There are other costs to consider, such as training, managing and maintenance, upgrades and the disruption caused by changes to timetabling or the block-booking of a computer room. But if an ILS delivers what it promises, this investment may be a price worth paying.
The problem for schools is that the jury is still out over the effectiveness of ILS. The choice is made more difficult by the growing number of educational vendors offering ILS products including RM, Longman, Tag developments and SIR. The new generation of ILS products arrived in the UK in the early Nineties and such was the impact of their arrival that the DFEE commissioned a series of research projects, managed by the British Educational Communications and Technology Agency (Becta - formerly NCET). Between 1993 and 1997, Becta managed three major projects, and a final evaluation report was published last year 1998.
But anyone hoping to find the definitive judgement on integrated learning systems in this report would have been disappointed. The report started off in an upbeat fashion: "There is considerable evidence that pupils do learn from ILS. The main issue is not if pupils learn, but what and how they learn." But the report added that integrated learning systems "have a long way to go before they can receive unequivocal endorsementI The research does not allow clear-cut advice for schools." Becta says those schools considering purchasing an ILS should look at its value for money compared with other ICT and non-ICT alternatives.
Gerry Daish, sales director of Longman Logotron which markets the Tomorrow's Promise ILS - a Britishversion of the product sold by Jostens in the US - is refreshingly candid about the state of ILS research as he sees it: "There are no reliable, independently-produced studies to show that ILS gives X amount of gain. The evidence is mainly anecdotal."
Ruth Lawrence, RM's senior marketing executive for learning systems, disagrees. "There are many reports and studies on ILS from Becta, LEAs and schools." RMis so confident about SuccessMaker that it offers to refund money to schools not satisfied that their students have made learning gains in literacy and numeracy.
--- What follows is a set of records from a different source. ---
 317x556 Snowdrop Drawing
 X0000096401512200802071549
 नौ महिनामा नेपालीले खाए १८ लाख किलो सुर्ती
A number of companies have sponsored research into ILS. Longman funded a project run in Hartlepool earlier this year and RM sponsored a two-year evaluation, run by Lancaster University, involving Year 1 and Year 2 pupils. RM found that in the first 12 months, the Year 1 trial pupils gained 40 per cent more on average in number skills and abilities than the control group, and the figure for Year 2 was 34 per cent more in number concepts. The results for the latter group also appeared to show many gains. Three schools using RM Maths were compared with two control schools, with the study focusing on national test results. At the end of Year 2, 92 per cent of the trial group achieved Level 2 and above, compared with 81 per cent of the control group, and more trial group students (69 per cent) achieved Level 2B or better than the control group (63 per cent).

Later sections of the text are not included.